Does anyone know if there are an CF or PC pendants availabe? I like the look of the hanging pendant lighting, but I don't really want Halides. Could I use one or more hanging lights from say Home Depot and just put screw in CF bulbs in there? I'm not looking to light a big tank, 10 gal for sure maybe 29 gal if it will work. 

Thanks for your help


----------



## LordSul (Mar 17, 2006)

Im using HQL, which has the same screw as a CF or PC. Here talke a look at the pendants.


----------



## anthonysquire (Mar 15, 2006)

That is exactly what I had in mind. What size tank are those over? Where did you get those pendants?

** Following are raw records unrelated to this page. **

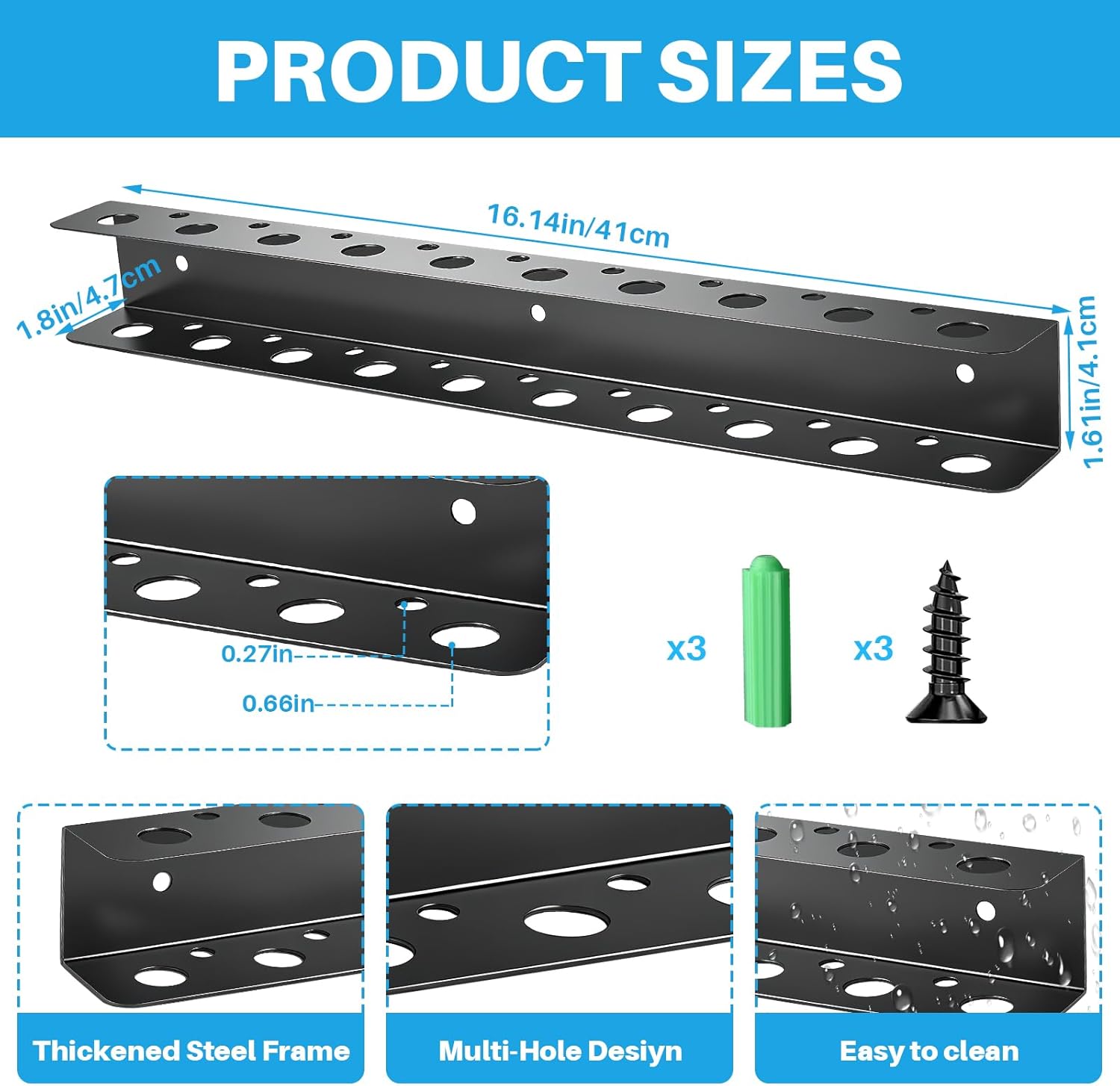 TSUMAZRURE Screwdriver Wall Rack, Screw Driver Holder and Screwdriver Rack, Tool Organizer Rack with Screw Driver Holders Organizers, Wall Mounted Tool Rack for Garage Tool Storage Rack (black)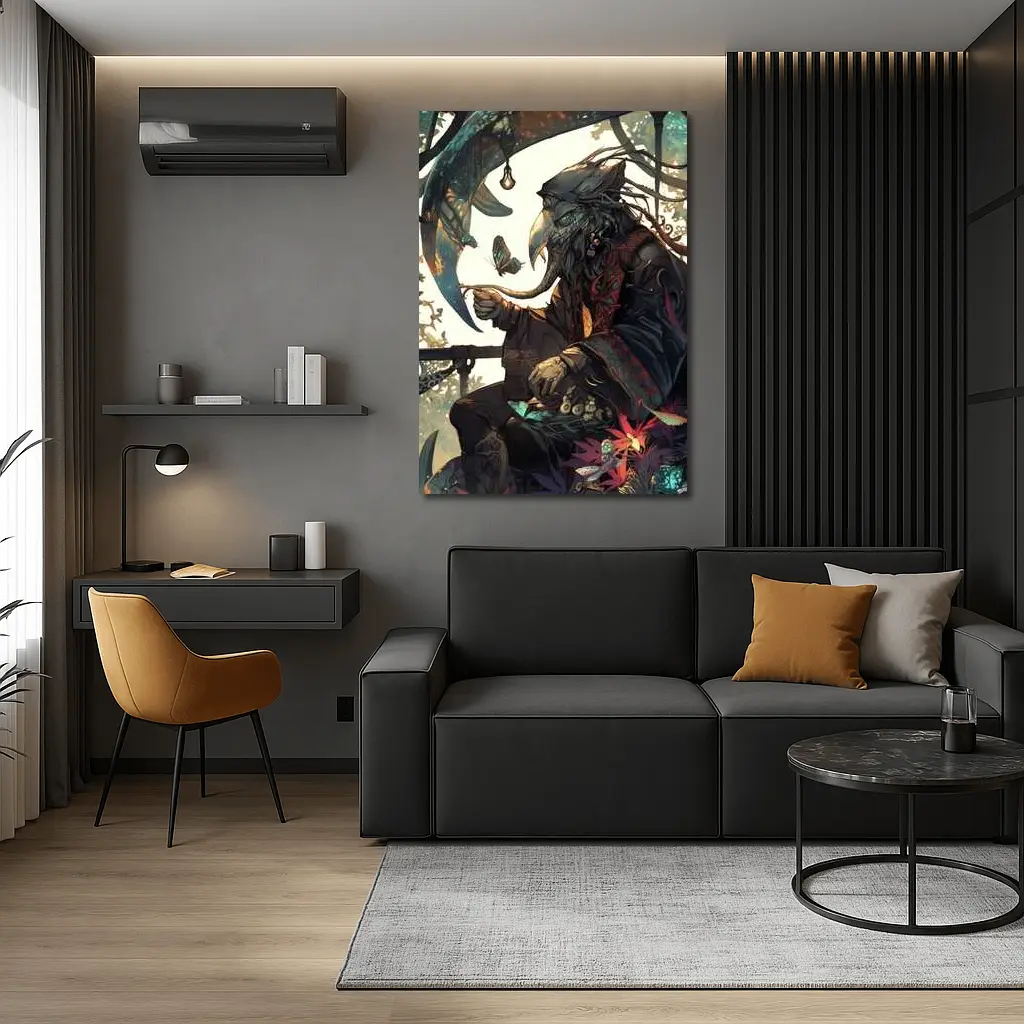 Dark Fantasy Crow Warrior With Butterflies – Wall Art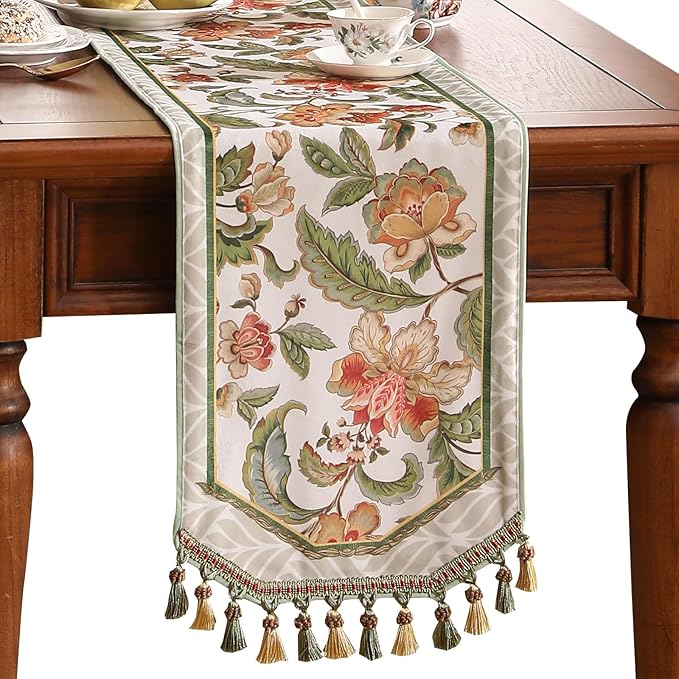 patdrea Designer Elegant French Floral Velvet Table Runner, Fresh Green with Orange Blossoms Pattern Table Mat, Decoration for Kitchen Dining Coffee Table Cabinet Banquet Thanksgiving,12"*71"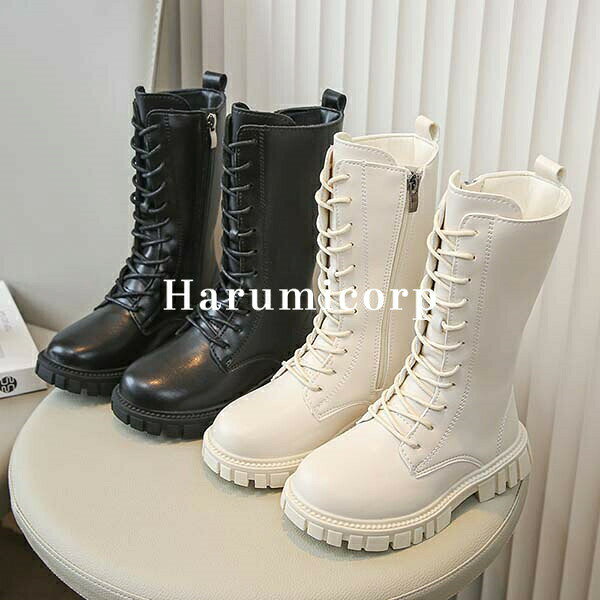 Long Boots - ロングブーツ キッズ 子供 靴 女の子 ブーツ ジュニア レースアップブーツ 編み上げ シューズ 子供ブーツ 春秋冬 おしゃれ 可愛い フォーマル靴 入学式 卒業式 発表会 結婚式 ピアノ キッズ靴 ベビー靴 入園 入学 学生 お姫様 誕生日 プレゼント 16 17 18 19 20 21 22cm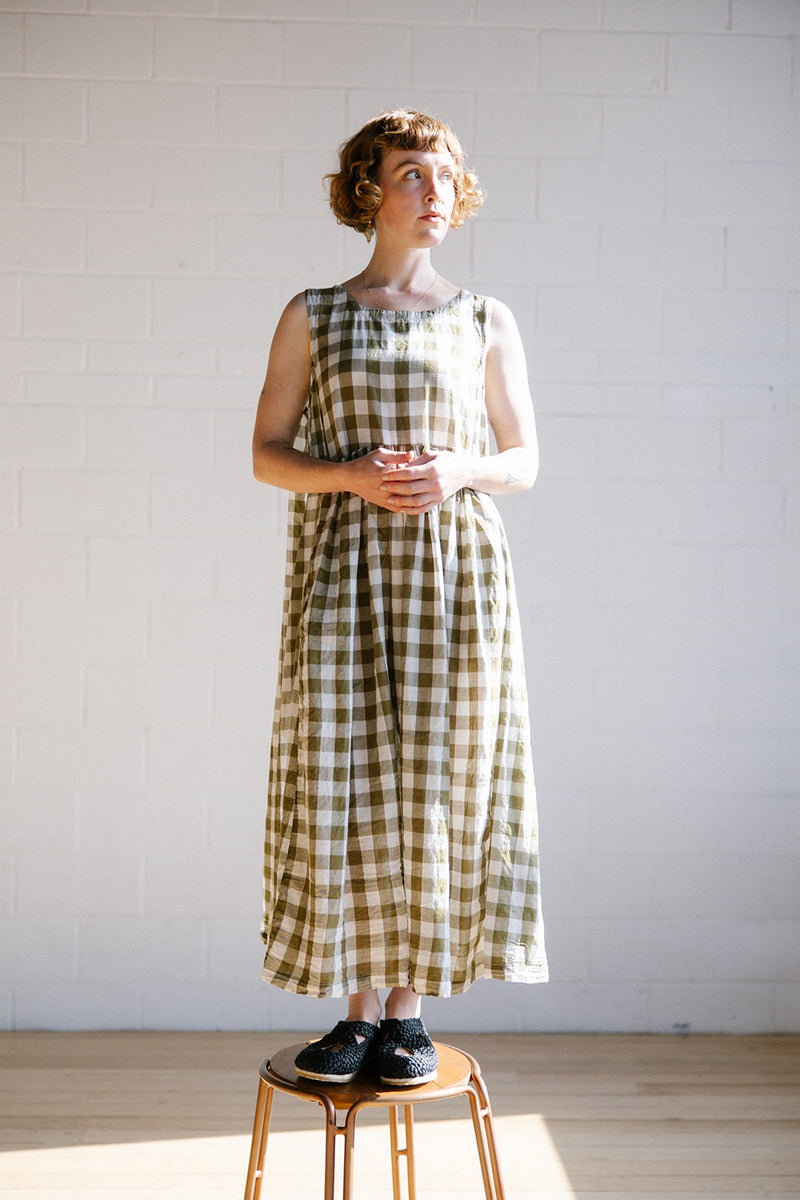 Metta - Dahlia Dress - Olive Check Cotton Voile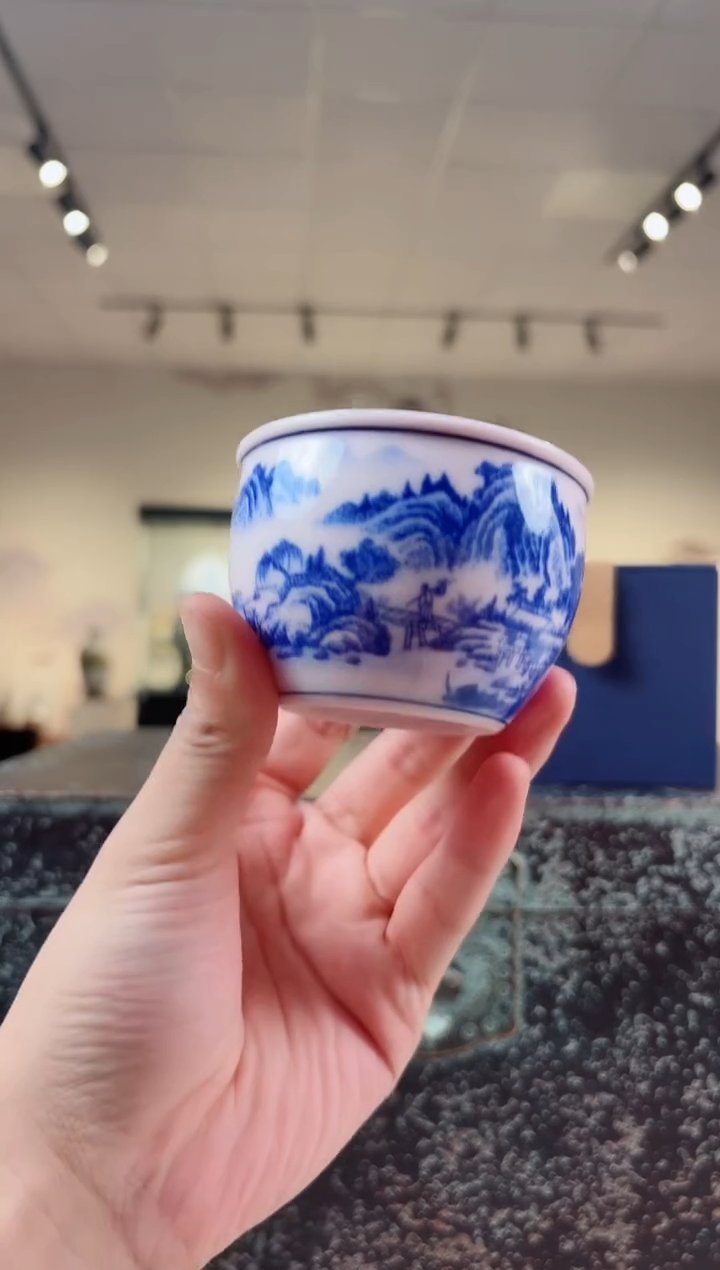 杯子陶瓷红稀富春山居图小缸杯+礼盒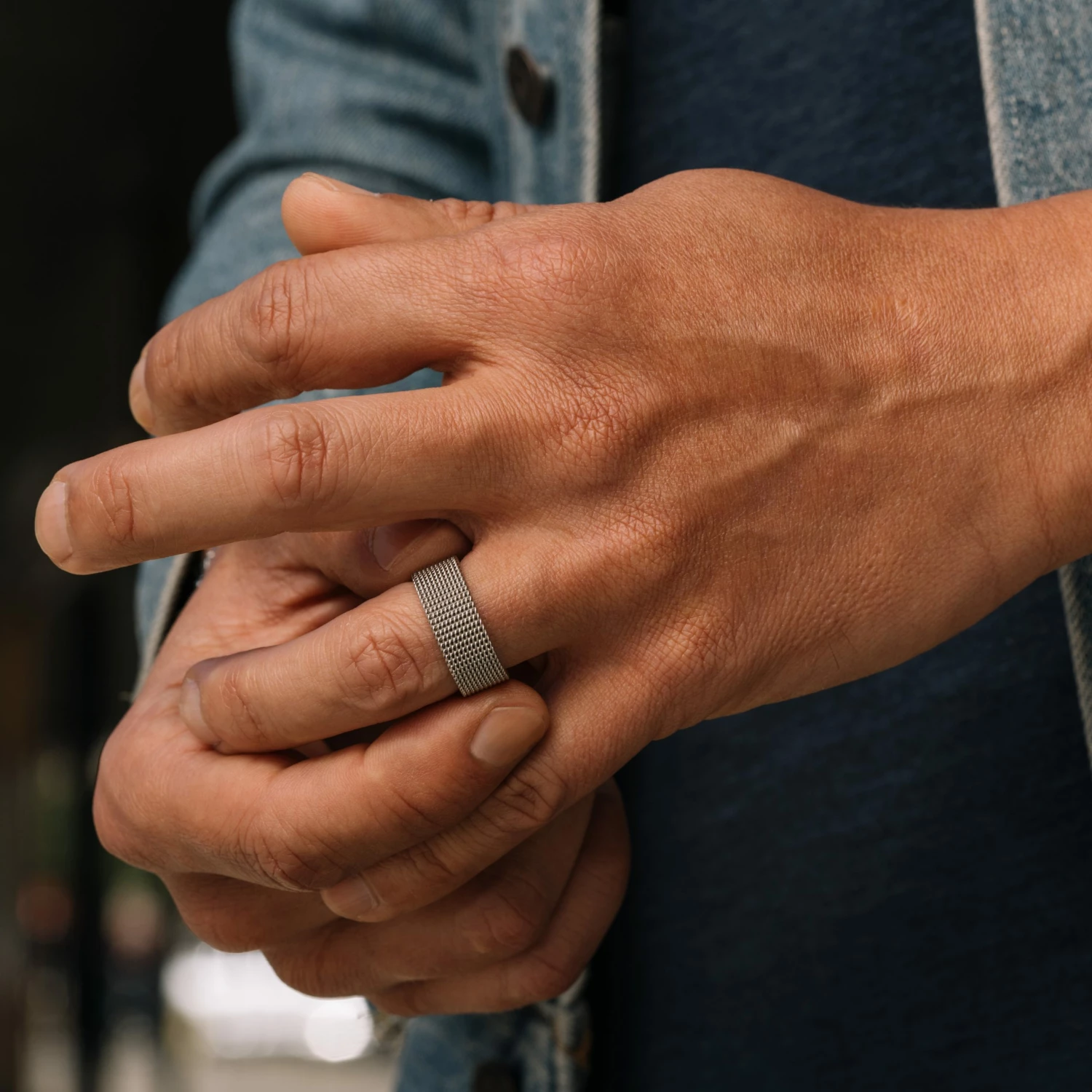 Fort Tempus Anneau en acier argenté flexible 3 Fort Tempus Anneau en acier argenté flexible – Image 3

edit: didn't notice HQL, that's metal halide correct? Would a screw in CF bulb work in that? Is there a website where these are sold that I can go to an look at? Thanks


----------



## LordSul (Mar 17, 2006)

The tank is 100x50x65(h), but as I said the bulbs inside are Mercury Vapor lamp, HQL.

I actually bought it from a friend but, I come across to these in local electricians and lighting shops, frequently. I would be surprised if you cant find these kind of pendants in local electricians. 

Goodluck,


----------